Para resolver este problema, o ex-vogal do Conselho das Finanças Pública sugere que se crie capacidade técnica na UTAO que identifique “eventuais efeitos secundários e calcule o impacto das medidas”, com a contratação de profissionais de várias áreas. A UTAO passaria a ter estudos por iniciativa própria, “podendo dar ideias aos políticos para reformar a política fiscal, incluindo uma área que faz muita falta que é avaliar regularmente a eficácia dos benefícios fiscais que, no fundo, são privilégios”.
Como a capacidade de tributar advém do Parlamento (“No taxation without representation”, “Não há impostos sem representação [parlamentar]), a UTAO sugere que o Parlamento deve ter essa capacidade: “A política fiscal esteve na origem da instituição parlamentar e permanece, na atualidade, umas das suas principais justificações“, lia-se no relatório da UTAO sobre a reforma do processo legislativo. Rui Nuno Baleiras recorda que o Governo pediu ajuda ao Fundo Monetário Internacional (FMI) e à Comissão Europeia para desenhar uma nova unidade técnica sobre benefícios fiscais e defende que deve haver uma fusão com a UTAO.
A Unidade “ganharia com a possibilidade de contratar desenvolvimentos informáticos no acesso a bases de dados da Autoridade Tributária e Aduaneira e o recrutamento de recursos humanos especializados em competências profissionais que não existem presentemente na UTAO, como modelos computacionais de equilíbrio geral, microeconomia pública, auditoria fiscal e, mesmo, direito tributário”. Além disso, teriam maior capacidade para contratar economistas dos impostos que, em Portugal, são escassos.
O coordenador da UTAO aborda esta sugestão e outras mudanças que quer ver no processo legislativo orçamental na entrevista publicada esta terça-feira no ECO. Rui Nuno Baleiras argumenta que, com a maioria absoluta do PS, “não vai estar em causa a sobrevivência política quando se tratar de pensar se devemos ou não fazer uma determinada reforma” pelo que é a altura ideal para avançar com estas alterações.
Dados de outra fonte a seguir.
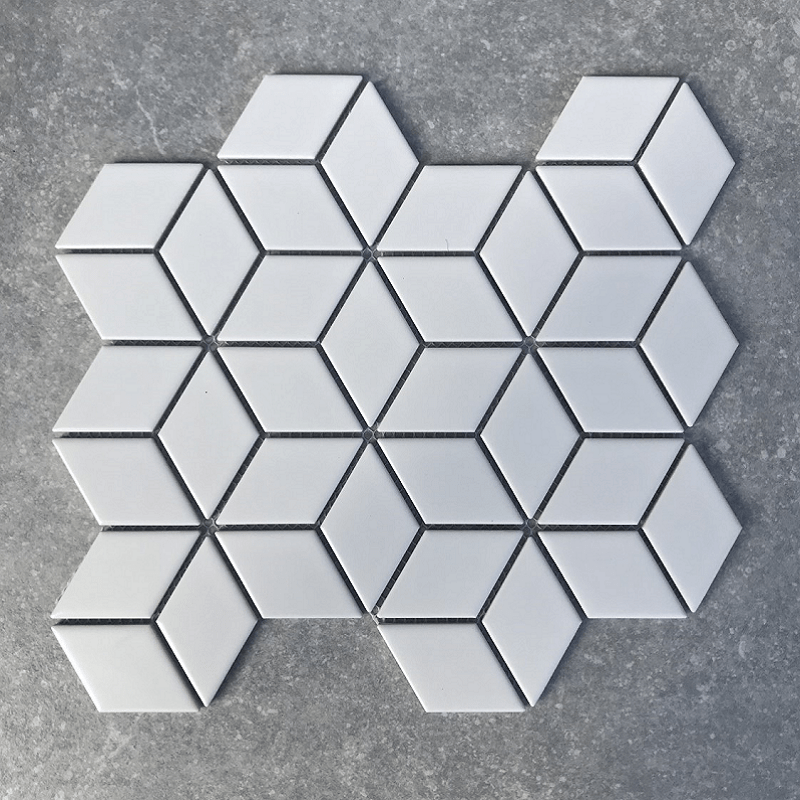 Timeless Diamond Cube White Matte 83x48mm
“Em tempo politicamente favorável, que devemos preparar o contexto das finanças públicas para que quando vier uma nova conjuntura de Governo minoritário não se padeça dos mesmos moldes que o estudo identificou“, defende o coordenador da UTAO, assinalando que a queda do Governo em virtude do chumbo do Orçamento do Estado para 2022 mostrou que o processo orçamental, “em vez de criar condições para estabilidade política, é em si fonte de instabilidade política”.